Coding Style Rules Coding Style Rules

Coding Style Rules for Test Takers
1.      Code is pseudocode, no specific language
2.      Loop structures end with “end” followed by structure name, e.g., “end while”
3.      “do-while” begins with “do” and ends with “while” – no “end” per se
4.      “if-then” statements have both “if” and “then”
5.      “else if” is a substitute for the “end” on the preceding “if”
6.      Array indices are designated with square brackets [], not parentheses
7.      Function parameters are designated with parentheses ()
8.      No end of line punctuation (i.e., semicolons) is used
9.      Compilation units are “procedure” and “function”. “Module” is not a compilation unit.
10.    Arrays are 1 (one) based
11.    Variable and argument declarations are Pascal style—“name: type”
12.    Data types are “integer” and “float”

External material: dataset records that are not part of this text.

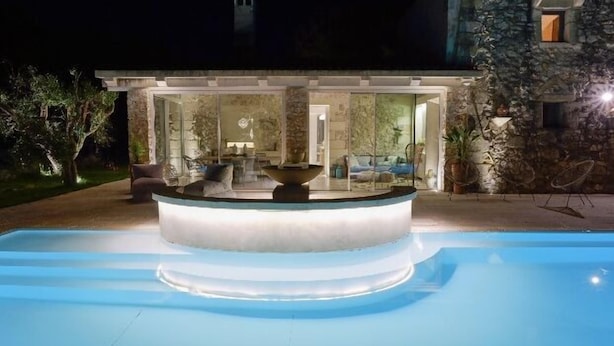 A swimming pool with a built-in fountain, surrounded by a stone wall and a well-lit outdoor seating area. - Townhome (Castrignano De' Greci)
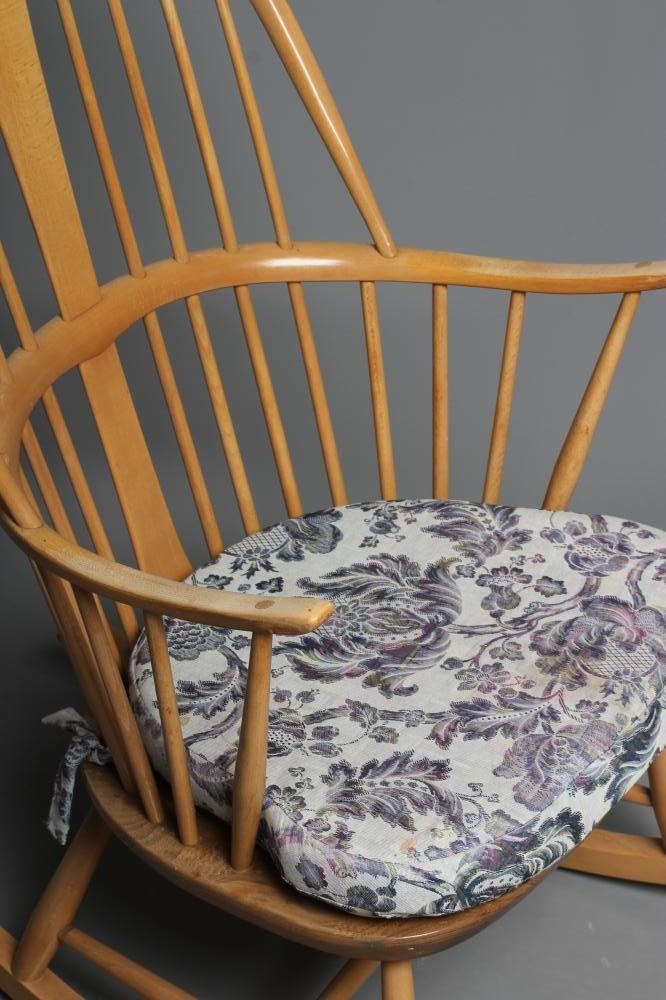 AN ERCOL COW HORN ROCKING CHAIR, mid 20th century, in blond beech and elm, the high hooped spindle Image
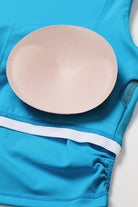 SVL Padel Plush Pleat Set in Cyan Blue – a stylish and performance-driven outfit featuring a pleated skirt with built-in shorts and a matching top with a squared neckline. Crafted from lightweight, soft-touch fabric, this set ensures breathability, comfort, and unrestricted movement, making it the perfect choice for padel players who want to play in style.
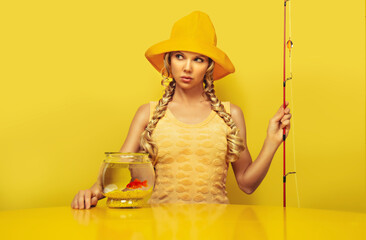 Portrait of a young fisherwoman  patiently waiting, dressed in a yellow dress with a fish pattern,...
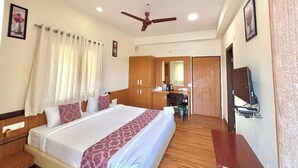 A hotel room with a large bed, wooden wardrobe, desk, and a television on the wall. - Hotel Kailas Residency By Knight Hotel (Chhatrapati Sambhajinagar)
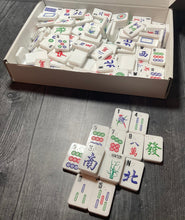 Load image into Gallery viewer, A shot of the box showing all of the included tiles. Some of the tiles are stacked in front of the box.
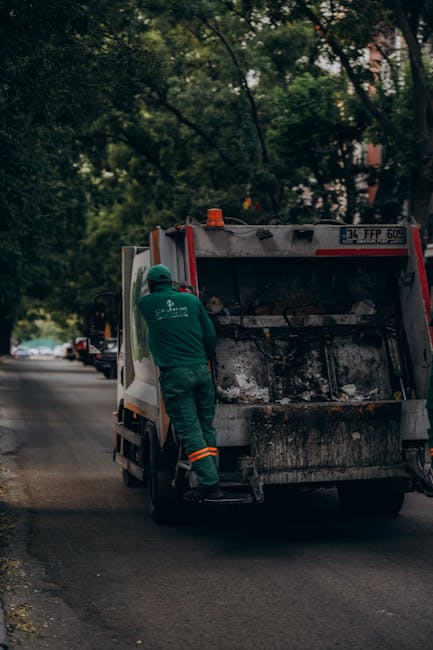 Two waste collection operatives dressed in high-visibility orange and red jackets with reflective strips are walking on a city street and pushing a wheeled trolley loaded with waste bins. One operativ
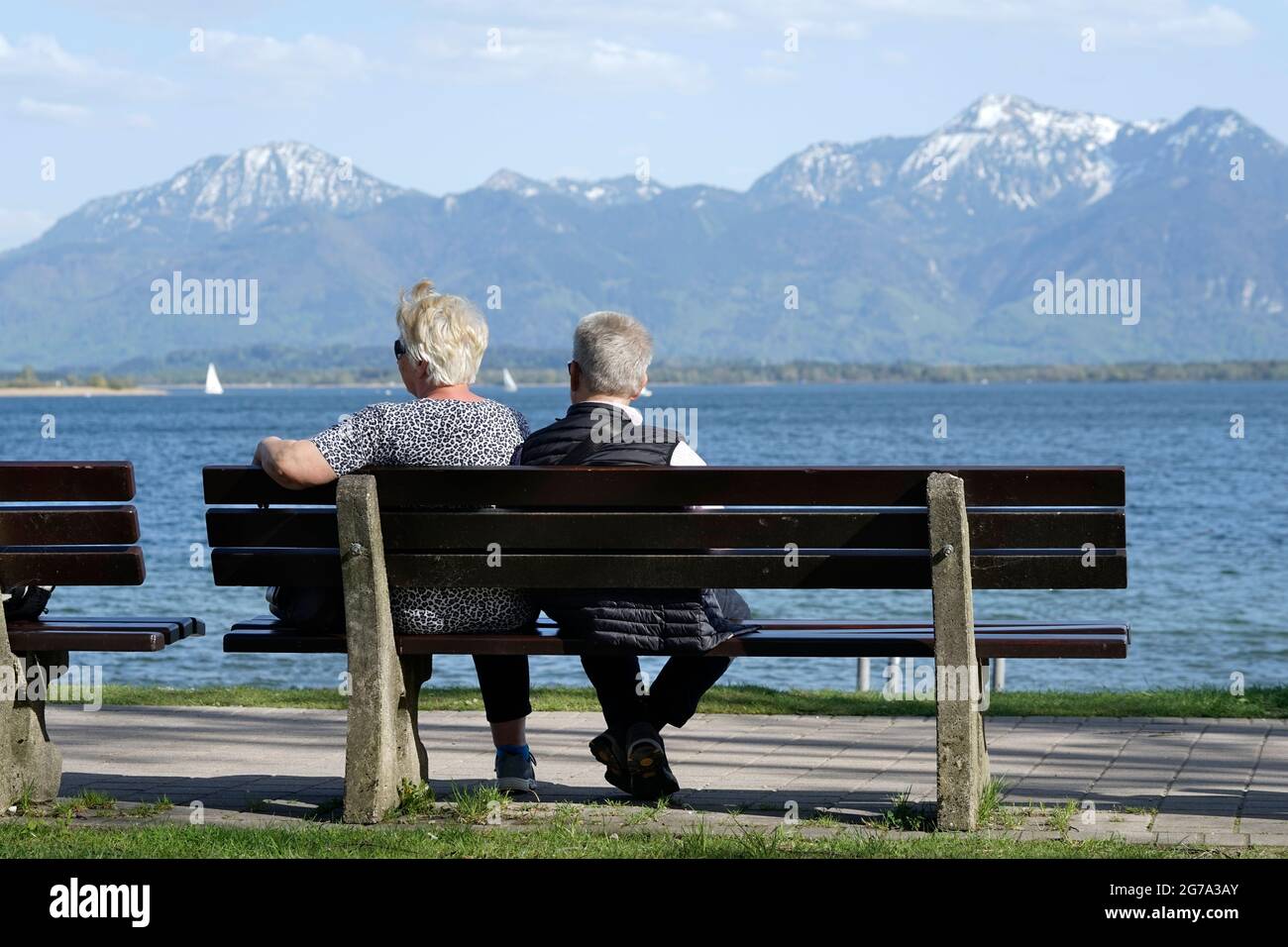 Allemagne, Bavière, haute-Bavière, Chiemgau, Prien, Chiemsee, promenade au bord de la rivière, couple retraité sur un banc de parc Banque D'Images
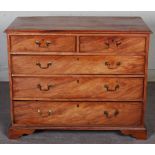 A George III mahogany chest, the rectangular top with a moulded edge above two short and three long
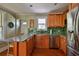 Kitchen with stainless appliances, dark wood cabinets, and beautiful green backsplash at 303 Washington St, New Smyrna Beach, FL 32168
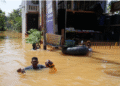 People wade through a flooded street, following Cyclone Ditwah in Kelaniya, Sri Lanka [Thilina Kaluthotage/Reuters]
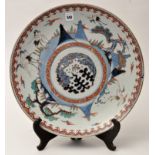 Large Japanese circular dish, central roundel enclosed by cranes or storks in flight,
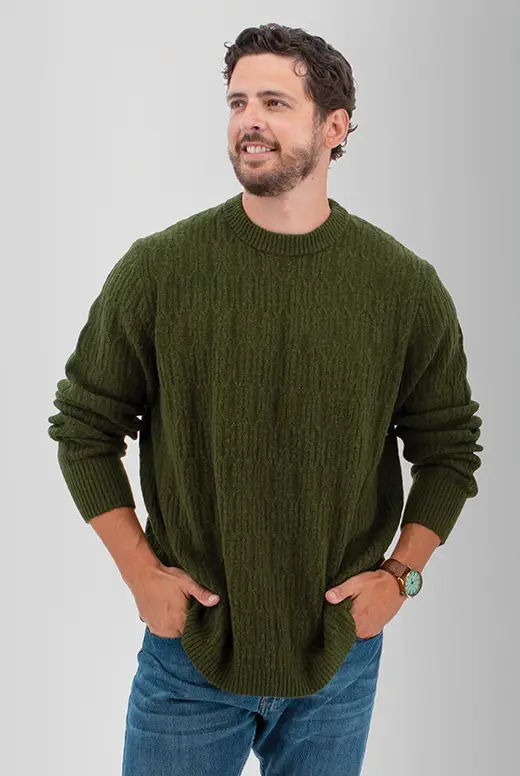 Man wearing a green sweater, smiling, with hands in pockets.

13.    Arguments in a function/procedure call are separated by semicolons
14.    “=” is used to designate assignment or comparison, depending on context. This pseudocode doesn’t support C-style side effects (e.g., assignment in a comparison statement), so the test taker does not need to worry about whether = refers to assignment or comparison. It will always be clear in context.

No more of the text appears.